«Las huellas de la calle esperaban ser pisadas y el aire ya no sabía hacia dónde soplar para llamar la atención.
Los charcos se secaban sin ser saltados mientras la vida pasaba guardada en un cajón.
María miraba desde su ventana ese columpio que tanto movió.
– Mamá, el parque está triste… – decía con su lengua de trapo.
Y así pasó un día y otro día».
-Abuela, cuéntamelo otra vez
Rocío siempre pide el mismo cuento a su abuela María. Tiene cuatro años y no entiende porqué su abuela no pudo jugar en el parque durante una buena temporada cuando era niña.
María estuvo meses sin poder columpiarse. Por suerte en casa tenía una habitación amplia en la que, desmontando las camas que ponían para dormir por la noche, su padre le ponía un pequeño tobogán por el que subía y bajaba mil veces al día.
Era muy pequeña cuando el coronavirus llegó a su vida y muchos pensaron que por eso no se daría cuenta pero sí lo hacía. María se agobiaba entre esas cuatro paredes encerrada todo el día, sin balcón por el que poder ver la calle ni patio en el que poder correr. A veces tenía rabietas causadas por el cansancio y la desesperación que ocasionaba estar encerrada, el bicho estaba fuera pero ella sólo quería jugar en el parque.

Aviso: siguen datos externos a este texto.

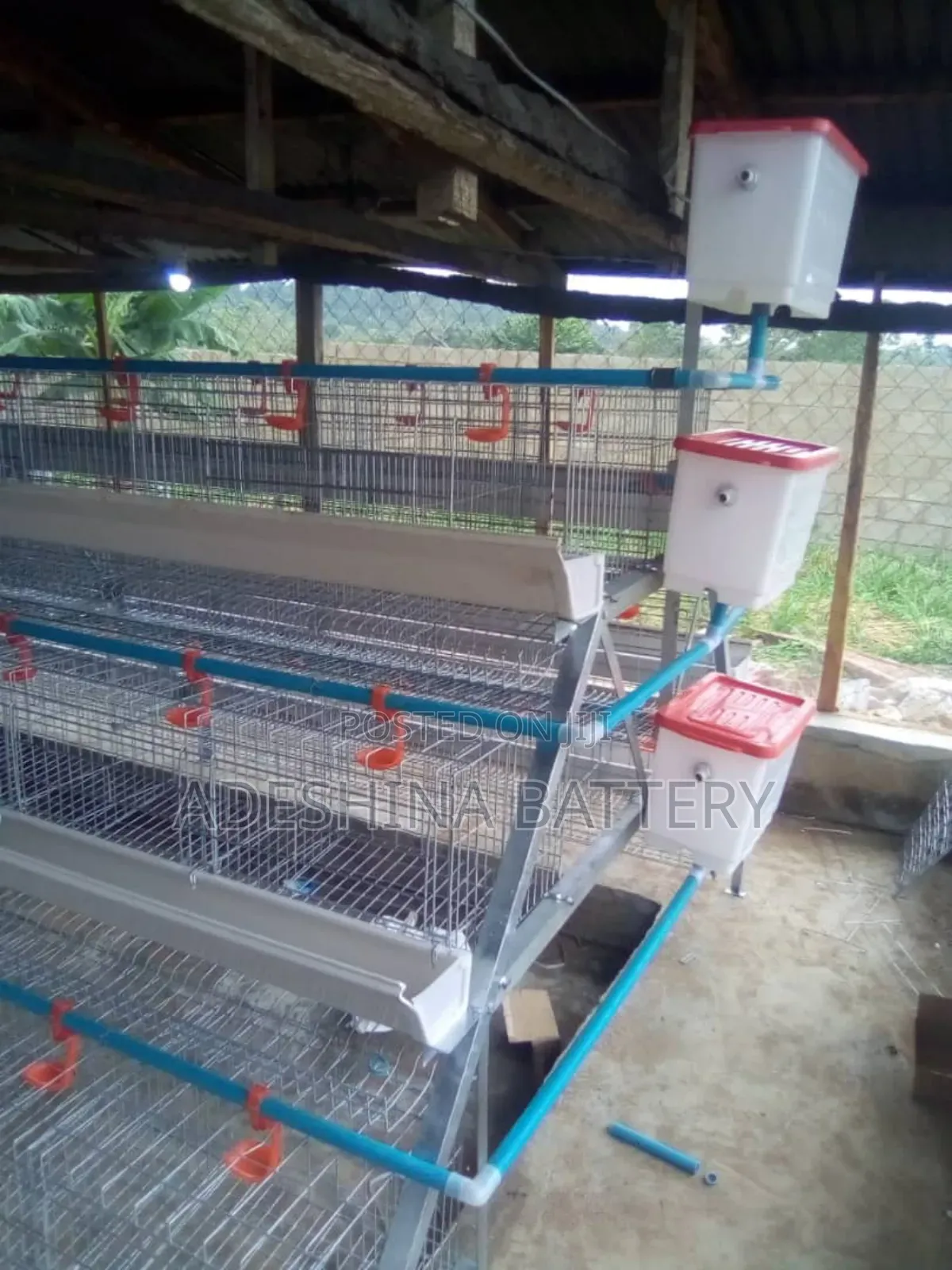 96birds and 120 Capacities of Battery Cages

Aún hoy, a María se le humedecen los ojos cuando cuenta esa historia, siendo consciente de adulta por lo que ella y su familia y todas las familias del mundo, pasaron por culpa de un virus.
Vive en un casita con jardín donde su nieta puede saltar y reir sin miedo y sin pausa, donde el sol entra sin llamar y la lluvia moja el columpio en el que, a sus 46 años, se balancea todos los días como si fuera un ritual.